─── Dataset extract ───

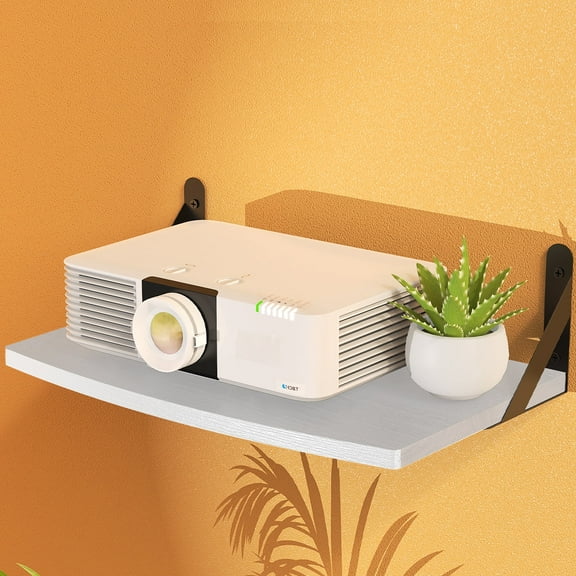 Projector Wall Mount Floating Shelf, White Mini Projector Shelf, Projector Stand, Projector Rack Holder, Router Shelf Modem Cable Box Shelf with Cable Ties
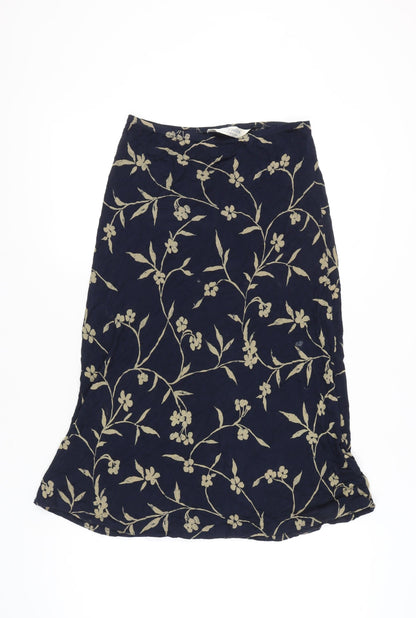 Dorothy Perkins Women’s Blue Floral A-Line Knee Length Skirt UK 10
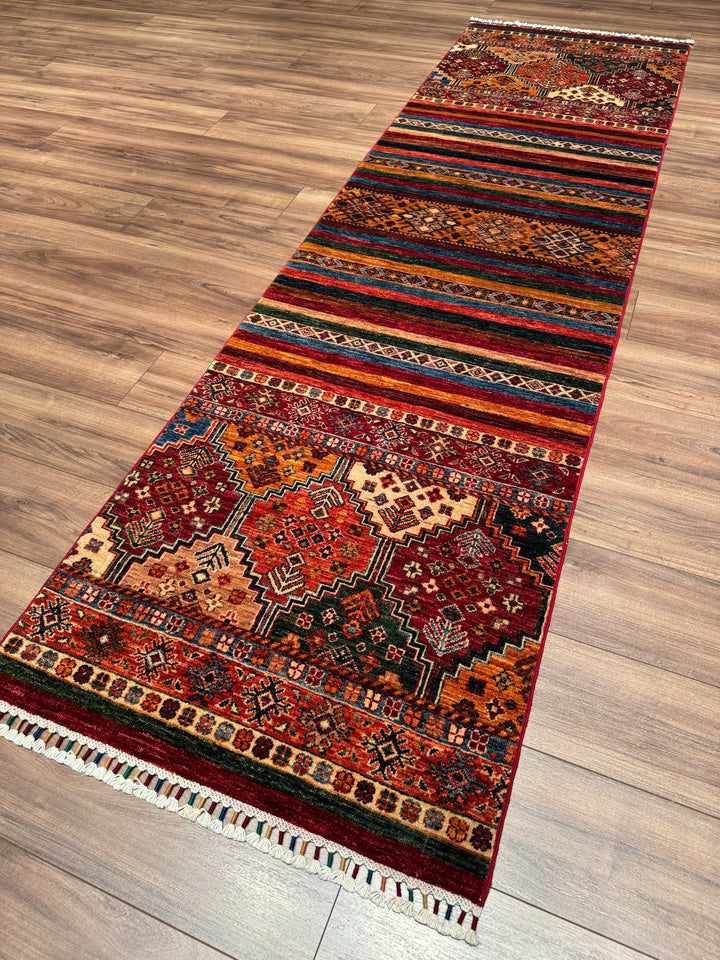 Khorjin Orijinal El Dokuması Yolluk Multi Kök Boya Yün Halı 0.83x295 2.45 Metrekare - 3x10 ft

───

> Work to be completed
Reproduce the preceding material exactly, skipping pictures.

> Answer below
 Projector Wall Mount Floating Shelf, White Mini Projector Shelf, Projector Stand, Projector Rack Holder, Router Shelf Modem Cable Box Shelf with Cable Ties
 Dorothy Perkins Women’s Blue Floral A-Line Knee Length Skirt UK 10
 Khorjin Orijinal El Dokuması Yolluk Multi Kök Boya Yün Halı 0.83x295 2.45 Metrekare - 3x10 ft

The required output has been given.